Assignment:
Write out exactly the lines between the line containing "Quvenzhane Wallis as" and the end of the records, counting both ends, and leave out all pictures.

Given records:
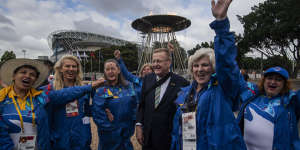 AOC President John Coates in 2020 with volunteers at the Lighting of the Cauldron,celebrating the 20-year anniversary of the opening of the Sydney 2000 Olympic and Paralympic Games.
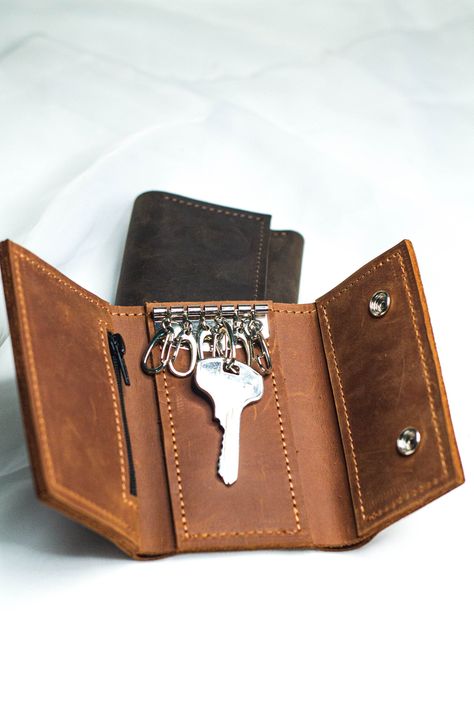 "Leather key case & coin pouch!  Key Organizer, Key Holder Pouch We will help to keep all your keys together. And thanks to additional departments, you can use it both as a wallet and as a key holder! ⭐genuine leather; ⭐100 % handmade; ⭐Size - 11x7 cm; (4,3x2,8 inch) ⭐ 6 keychain fixing hooks; ⭐compartment for banknotes; ⭐coin compartment PERSONALIZATION We can do initials, text or name on any item. To make your item personalized 1. Choose \"Color + Personalization\" in the \"Color & Personalization\" menu. 2. Leave the text for engraving + place for it on the item in the Personalization box; ✈️ DELIVERY ✈️ - Standard shipping (Usual shipping time is 2-6 weeks depending on destination) - Express shipping (5-10 business days), available upon request https://1.800.gay:443/https/www.etsy.com/listing/856683752/pa Key Case Holder, Key Holder Wallet, Leather Key Holder, Leather Key Case, Key Wallet, Leather Key Fobs, Key Organizer, Key Bag, Leather Dye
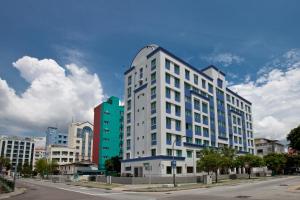 a tall white building on the side of a street at YaJu Hotel in Singapore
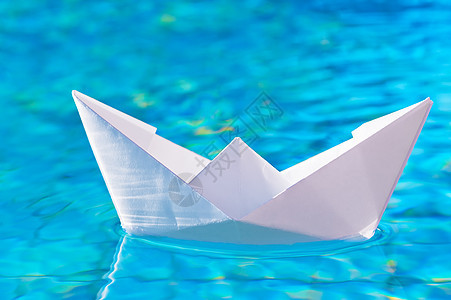游泳池中水面上的纸船图片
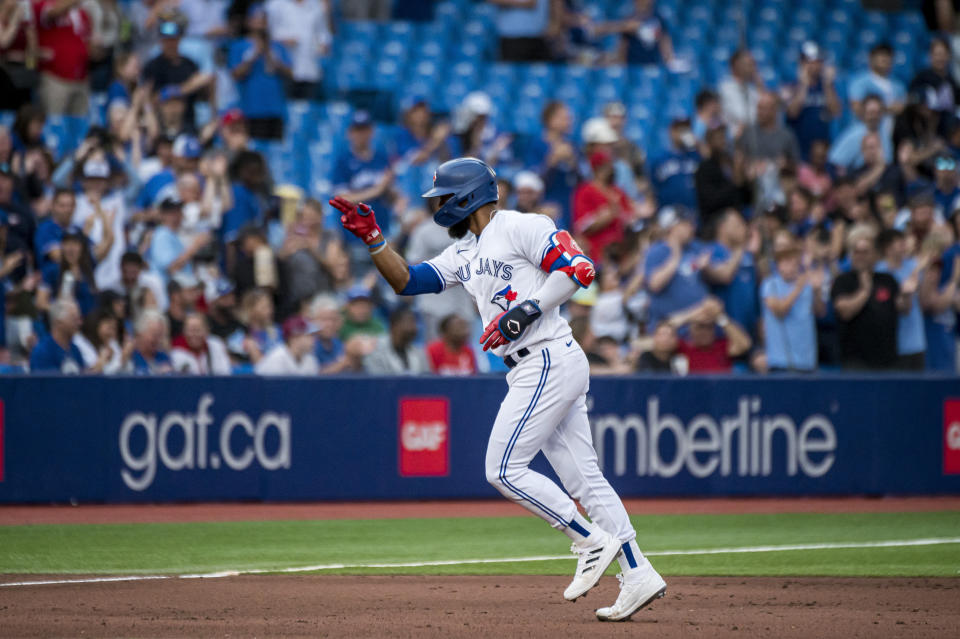 Toronto Blue Jays right fielder Teoscar Hernandez (37) celebrates after his home run against the Philadelphia Phillies during the fourth inning of a baseball game, Wednesday, July 13, 2022 in Toronto. (Christopher Katsarov/The Canadian Press via AP)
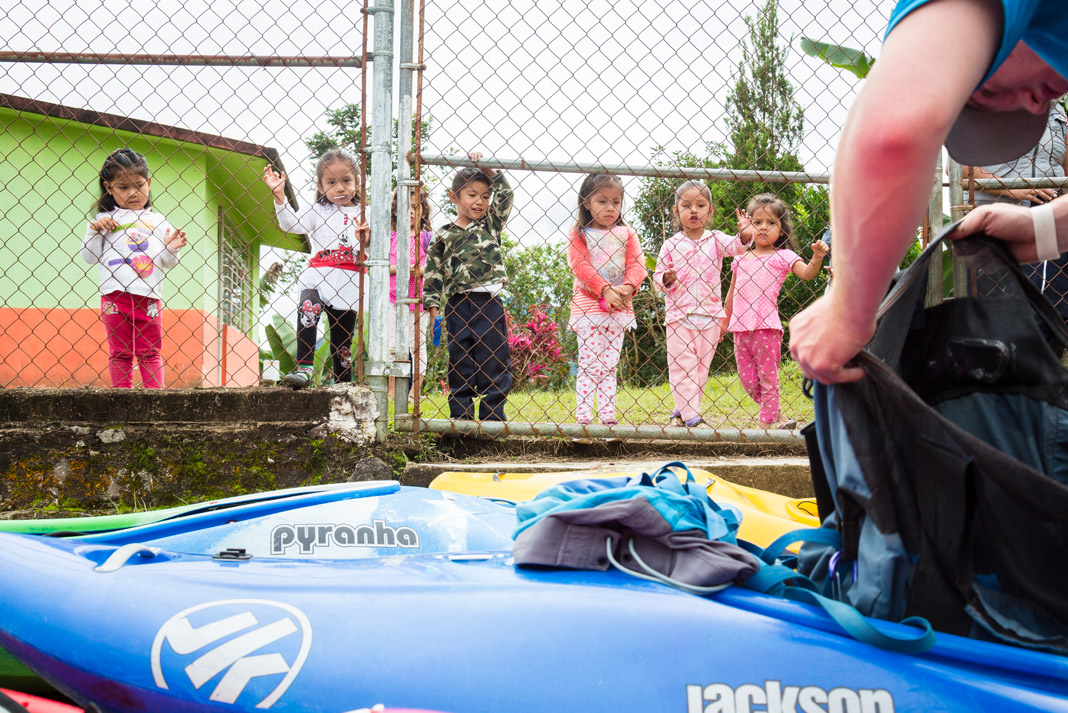 children looking at a man with his kayak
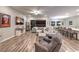 Open-concept living space with comfortable seating and connection to kitchen and dining at 326 Beethoven Ridge Dr, Henderson, NV 89011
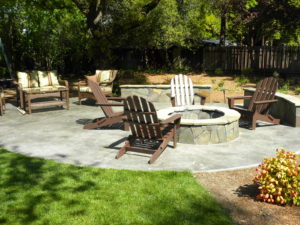 Fire pits add a central element to a backyard patio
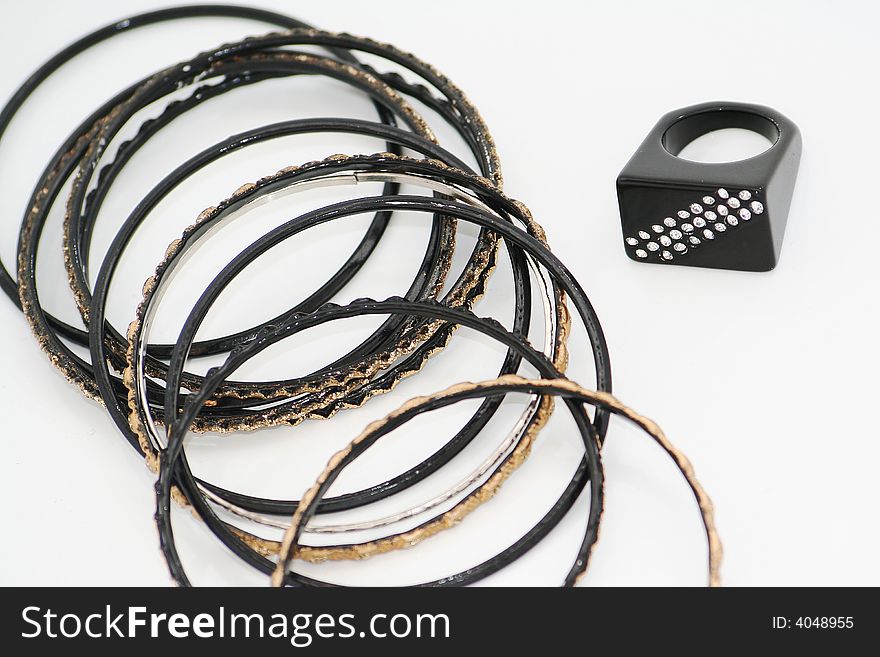 Black and gold bracelets and black ring with diamonds isolated on white. Black and gold bracelets and black ring with diamonds isolated on white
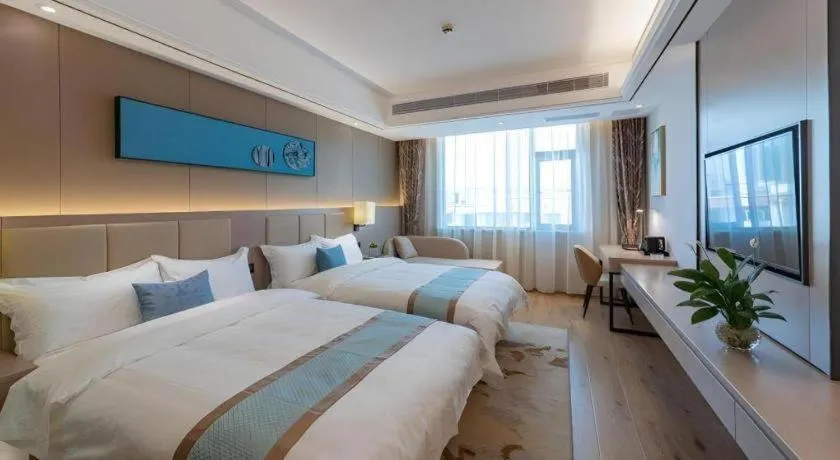 Bed in GreenTree Eastern Dali Railway Station Hotel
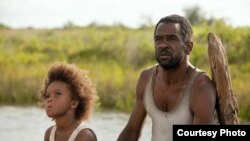 Quvenzhane Wallis as "Hushpuppy" and Dwight Henry as "Wink" on the set of Beasts of The Southern Wild (Photo: Fox Searchlight / Mary Cybulski)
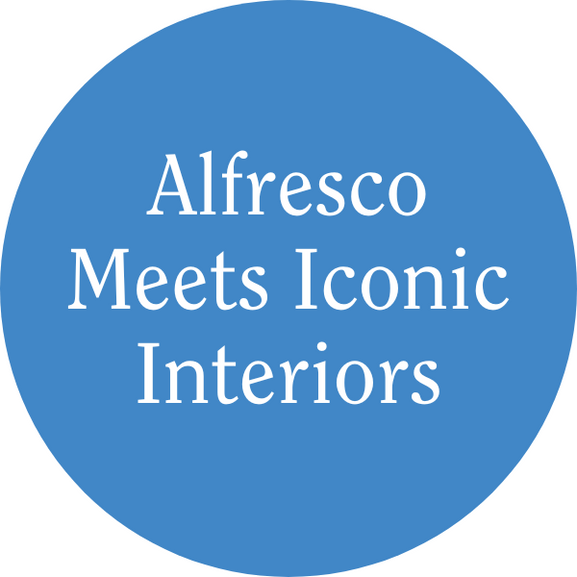 In blue background and white font "Alfresco Meetings Iconic Interiors"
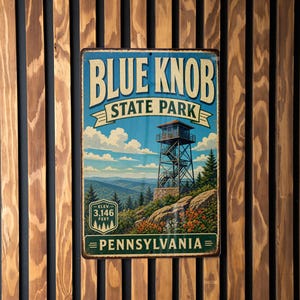 May include: A vintage-style metal sign for Blue Knob State Park in Pennsylvania. The sign features a scenic illustration of a lookout tower, mountains, and trees, with the elevation listed as 3,146 feet. The sign is mounted on a wooden slat wall.
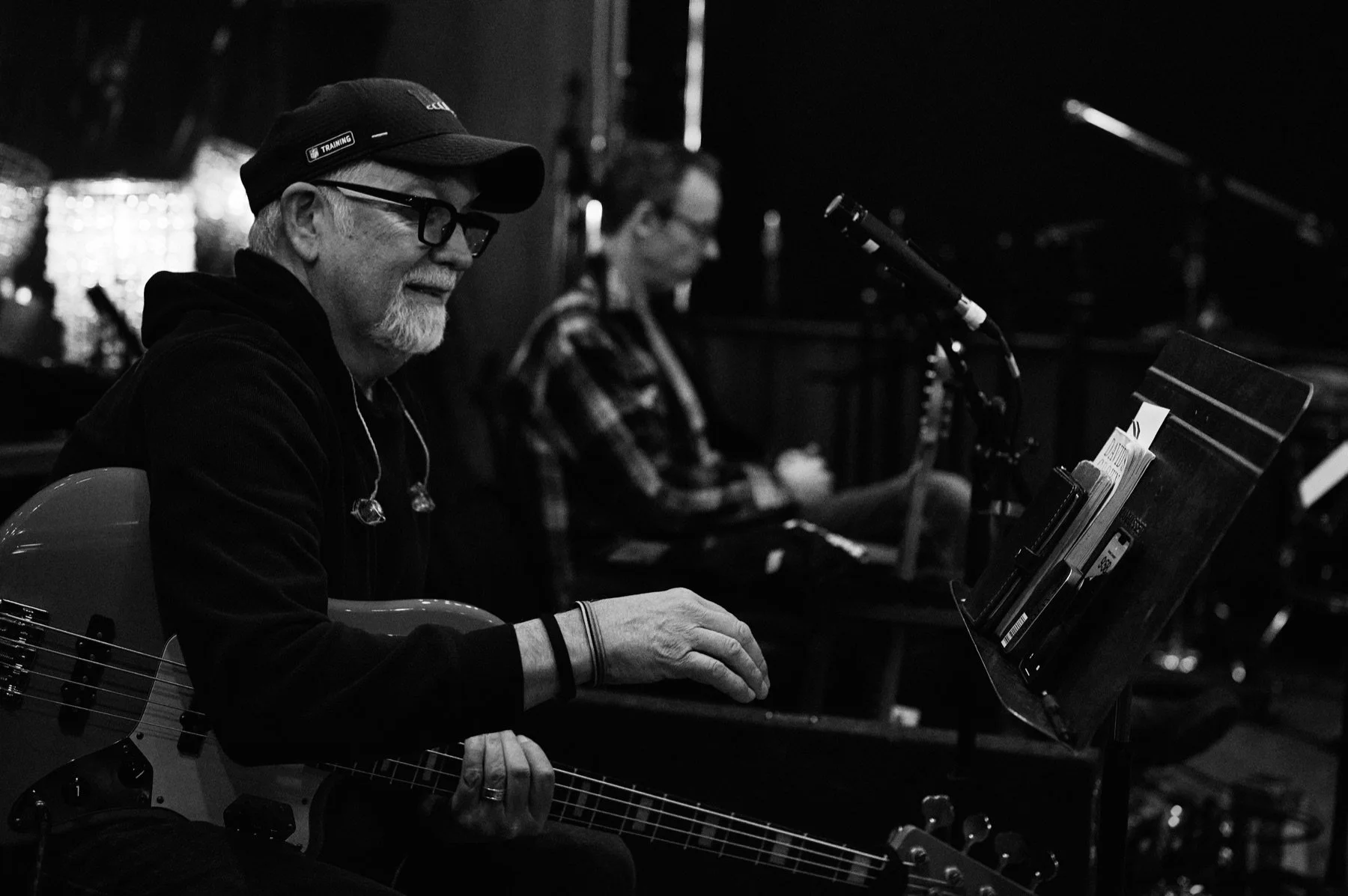 A musician at the studio console with other players in the room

Exercise result:
 Quvenzhane Wallis as "Hushpuppy" and Dwight Henry as "Wink" on the set of Beasts of The Southern Wild (Photo: Fox Searchlight / Mary Cybulski)
 In blue background and white font "Alfresco Meetings Iconic Interiors"
 May include: A vintage-style metal sign for Blue Knob State Park in Pennsylvania. The sign features a scenic illustration of a lookout tower, mountains, and trees, with the elevation listed as 3,146 feet. The sign is mounted on a wooden slat wall.
 A musician at the studio console with other players in the room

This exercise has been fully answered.